HOST: By getting to know Maggie as a person and having an understanding of her human qualities as well as the transferable skills, Laboratoria was able to guide Maggie towards UX design and help her find a career she loves. Maggie hopes her experience inspires her children and others like her.

MARIA: So she’s saying that she’s probably showing them that they need to find something that they really like and feel passionate about. She remembers that her father told her that she needed to find a career that will give her economic stability, financial stability, but she realizes that she needs to find something that they like and feel passionate about it about it. So for example, her son wants to study cinematography. Here in Lima there isn’t much of a market for it, but she’s still encouraging him to study what she really likes. Do what he really feels passionate about. And maybe because at 18, like we were talking about a little bit before, you are too young to decide what you actually want to do for the rest of your life. So she’s also an example that it’s never too late to start again and to try something new that you really liked.

MARIANA: They know nothing about coding, it looks so foreign, so difficult. And a few weeks into a program they’re already building their first websites. They have a product they can show to the world and I think that that is something that very few things give you that, you know, they go out on their own like, look mum, I built this up, you know, to solve this problem in my own community. So I mean, one of the things I love the most about our work is that our students become so confident, because they learn to build technology and now they feel they have a super powerful tool, not only to get a job and start a career, but to also start solving the problems around them.

HOST: Peru is a country currently experiencing economic growth, but women and girls are still disproportionately disadvantaged there.

Laboratoria helps these women by training them for a career in coding for a small monthly fee. They are very clear that what they offer is a career in technology, not just a course. Latin America has over half a million unfilled tech jobs, and if those jobs can be filled by women who would not ordinarily get a chance to enter the sector, then it’s a win for diversity, for women, and for the companies who employ them. Women trained by Laboratoria have gone on to work for companies including Microsoft and Google. Mariana’s vision is to train ten thousand women in the next five years.

MARIANA: We get these amazing women that apply and we target specifically young women who. due to economic limitation, haven’t been able to access quality higher education and are therefore usually unemployed or just working in the informal sector doing low-skilled work. And then they join and it’s like magic. It’s an awesome experience. They work together to really learn to challenge themselves to become better, to believe in themselves. They learn coding, but then they also learn all these very important life skills and after they’re ready, we go and work with companies in need of their talent and have these type of talent and we place them there.

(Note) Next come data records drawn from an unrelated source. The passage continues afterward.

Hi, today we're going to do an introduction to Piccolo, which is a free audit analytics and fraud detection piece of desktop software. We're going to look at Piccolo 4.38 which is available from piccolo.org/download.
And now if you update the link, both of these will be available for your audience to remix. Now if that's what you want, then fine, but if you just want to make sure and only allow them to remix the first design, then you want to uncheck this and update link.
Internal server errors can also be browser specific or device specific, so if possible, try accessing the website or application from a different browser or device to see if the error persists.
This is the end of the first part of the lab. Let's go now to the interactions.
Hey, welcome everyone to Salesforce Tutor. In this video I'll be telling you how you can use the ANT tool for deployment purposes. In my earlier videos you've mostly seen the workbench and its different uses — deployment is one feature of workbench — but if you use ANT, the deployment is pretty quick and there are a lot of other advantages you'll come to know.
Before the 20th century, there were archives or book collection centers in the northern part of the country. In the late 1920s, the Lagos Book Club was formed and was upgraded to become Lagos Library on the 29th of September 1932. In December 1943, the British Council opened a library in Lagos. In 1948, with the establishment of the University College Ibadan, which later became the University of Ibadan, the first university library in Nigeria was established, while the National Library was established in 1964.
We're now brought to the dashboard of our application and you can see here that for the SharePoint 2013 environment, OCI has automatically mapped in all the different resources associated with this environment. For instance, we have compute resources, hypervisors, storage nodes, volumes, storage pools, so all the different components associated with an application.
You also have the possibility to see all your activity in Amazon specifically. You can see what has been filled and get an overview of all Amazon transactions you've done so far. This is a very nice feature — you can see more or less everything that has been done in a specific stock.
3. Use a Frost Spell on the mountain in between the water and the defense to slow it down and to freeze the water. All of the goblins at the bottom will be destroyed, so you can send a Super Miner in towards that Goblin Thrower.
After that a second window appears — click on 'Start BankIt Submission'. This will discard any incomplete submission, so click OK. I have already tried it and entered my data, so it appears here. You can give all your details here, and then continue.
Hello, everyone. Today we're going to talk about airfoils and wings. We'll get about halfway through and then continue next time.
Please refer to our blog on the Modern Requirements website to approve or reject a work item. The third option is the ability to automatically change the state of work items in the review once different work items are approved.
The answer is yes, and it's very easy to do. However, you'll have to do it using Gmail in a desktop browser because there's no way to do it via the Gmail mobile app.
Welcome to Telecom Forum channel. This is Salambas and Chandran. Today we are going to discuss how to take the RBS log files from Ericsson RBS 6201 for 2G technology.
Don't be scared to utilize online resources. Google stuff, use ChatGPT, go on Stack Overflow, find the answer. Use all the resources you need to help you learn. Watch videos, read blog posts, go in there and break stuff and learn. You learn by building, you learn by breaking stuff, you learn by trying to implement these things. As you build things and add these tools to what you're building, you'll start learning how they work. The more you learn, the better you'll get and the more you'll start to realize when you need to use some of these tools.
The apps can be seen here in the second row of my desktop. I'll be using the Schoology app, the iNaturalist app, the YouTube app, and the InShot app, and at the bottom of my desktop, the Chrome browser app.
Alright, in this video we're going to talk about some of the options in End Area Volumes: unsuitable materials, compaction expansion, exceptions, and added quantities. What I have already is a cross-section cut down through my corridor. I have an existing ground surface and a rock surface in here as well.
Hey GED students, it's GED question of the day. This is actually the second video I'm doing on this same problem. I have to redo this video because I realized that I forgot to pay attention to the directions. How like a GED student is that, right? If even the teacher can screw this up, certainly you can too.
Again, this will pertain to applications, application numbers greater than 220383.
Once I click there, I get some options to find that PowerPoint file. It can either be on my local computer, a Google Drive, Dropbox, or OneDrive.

HOST: By working very closely with companies to help up-skill women and dramatically improve their employment and economic prospects, Mariana is helping the tech industry to take responsibility for closing its own skills gap by embracing diversity and creating a level playing field for workers of all backgrounds.

MARIANA: What we see in our work is that there’s so many, so many skill sets that if you’ve been born in a family with limited social economic resources with difficulties, it’s gonna be very hard to get, you know, you’re definitely at a disadvantage to someone that was born in a different environment and I think it’s not your fault that you were born there.

For Mariana the responsibility of building a future shouldn’t just fall on the shoulders of these young women.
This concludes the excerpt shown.